See? Something new all the time!
"Yeah, forget it. You guys are weird. One of you eats tandoori BBQ, and another one is probably gonna paw me in my sleep and get fresh. I'll take my chances out here. Man, that Mimi is such a liar..."
And next time?! Something else new that I couldn't really properly photograph, but that will be shown off... Ooooo, mysterious...
"Go 'way, I'm EMO today...my life sucks...hate school...just gonna lie here, and listen to EMO music and read EMO books about vampires. At least they understand me."
That somewhat blurry picture is Donegal. (I'm not one to deny myself the pleasure of something new.) Before I finally settled on this project, I'd gone through a yarn shop's worth of startitis, abandoning projects sometimes after just one evening. *sigh* When I did find something I liked, I'd end up not having enough yarn, or not liking the colours, etc. Or, being disheartened because I'd made a mistake, and just not liking it enough to rip back. I even messed up a pair of Noro Kureyon socks because it seems that a) I forget at times how to read, and b) I'm a weenie. *sigh*
I'm making a pair of those flappy top mittens for my friend Brian (Sasha's Dad). He works outside a lot, and he'd mentioned awhile back that he used to have a pair that he loved. Plus he uh, plays for the other team, so he'll actually notice the quality of the yarn (I'm using leftover 3-ply Hebridean from VY), the variations in colour, will hand wash them when I tell him too, AND make me a cup of tea when I bring them over to him. Can't go wrong there.
"Cats aren't so bad! They sniff butt just like dogs do."
"Don't appreciate you gettin' fresh, Sasha, you're taking liberties and it's not cool!"
The guys are getting used to it. They're not too sure about Sasha's sister Roxy though.
"Talk about bad manners..."
And as if having 2 dogs invade their space wasn't enough.
"We shouldn't have let her leave, Malcolm."
"Well, she was eating our food and stuff."

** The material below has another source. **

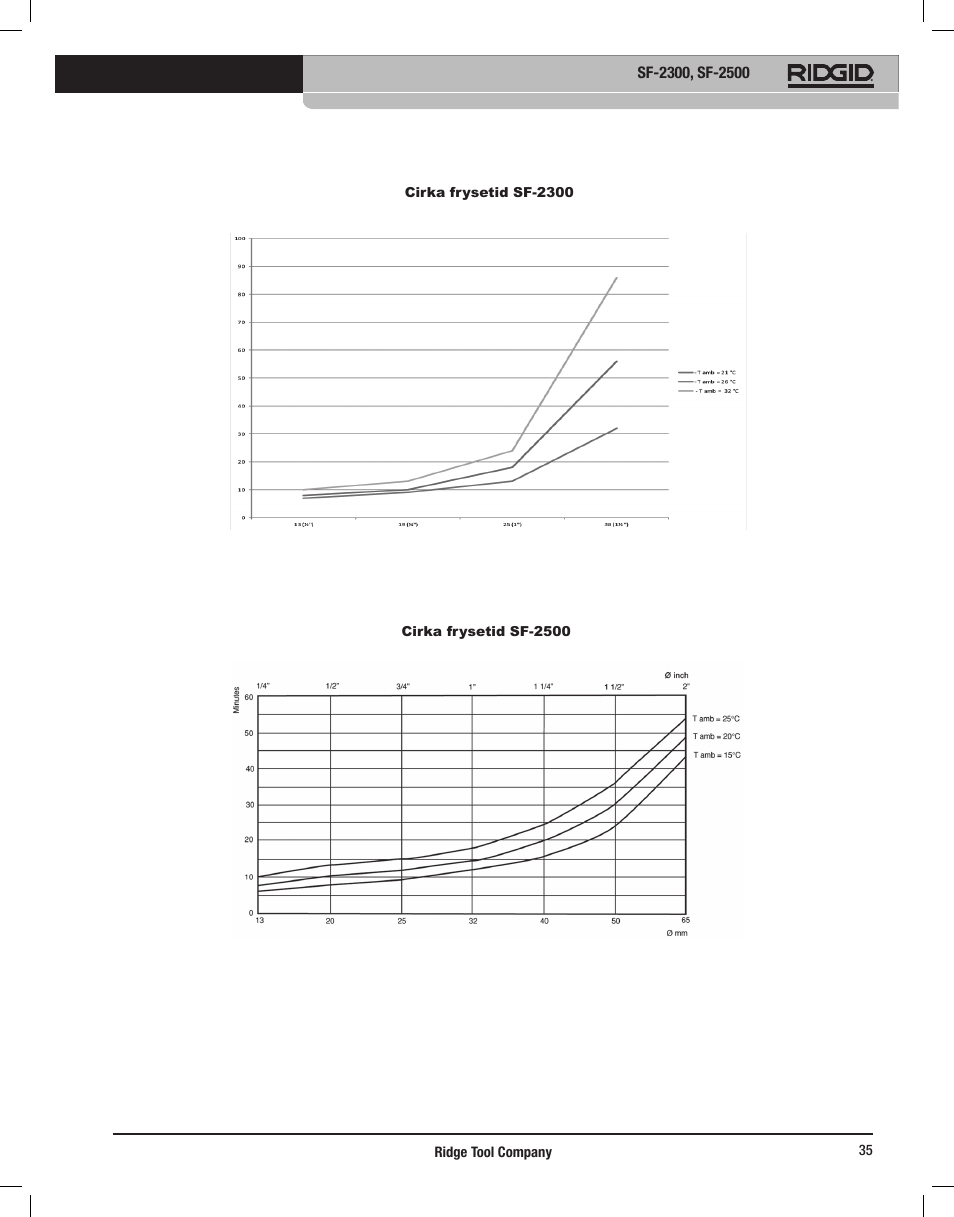 RIDGID SF-2500 User Manual | Page 36 / 90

"Yeah well, what do you think's gonna happen now, huh? She's gonna tell all the outdoor cats that some Crazy Cat Lady lives here, and that she's a sucker for any hungry outdoor kitty with a hard luck story. Man, now they're all gonna show up at the door. If it's not dogs, it's cats. What's next? Elephants escape from the zoo and show up here? Geez..."
"That'd be awesome!"
So, despite everything else, things always do manage to remain interesting around here. I will get a picture of Brian's mittens before I pass them on to him, and who knows - by next week, I may have progress to show you. I'm crossing my fingers that the progress I do end up showing you is of the WIPs I've mentioned today. You never know (neither do I, for that matter).
Malcolm, silly.
"Hi!"
I'm hijacking Mom's blog! She's not feeling well today; something about gout in her big toe. I'm not sure what that is, but it's making her crabby! And she's limping and swearing and stuff. I think it has something to do with her polycythemia. Just something she has to get used to now, I guess. I said to her - Mom, why don't you go lie down, put your foot up, pop some pills and let me take over! She just kept dragging her foot and swearing so I figured, why not. I'll take it as a yes.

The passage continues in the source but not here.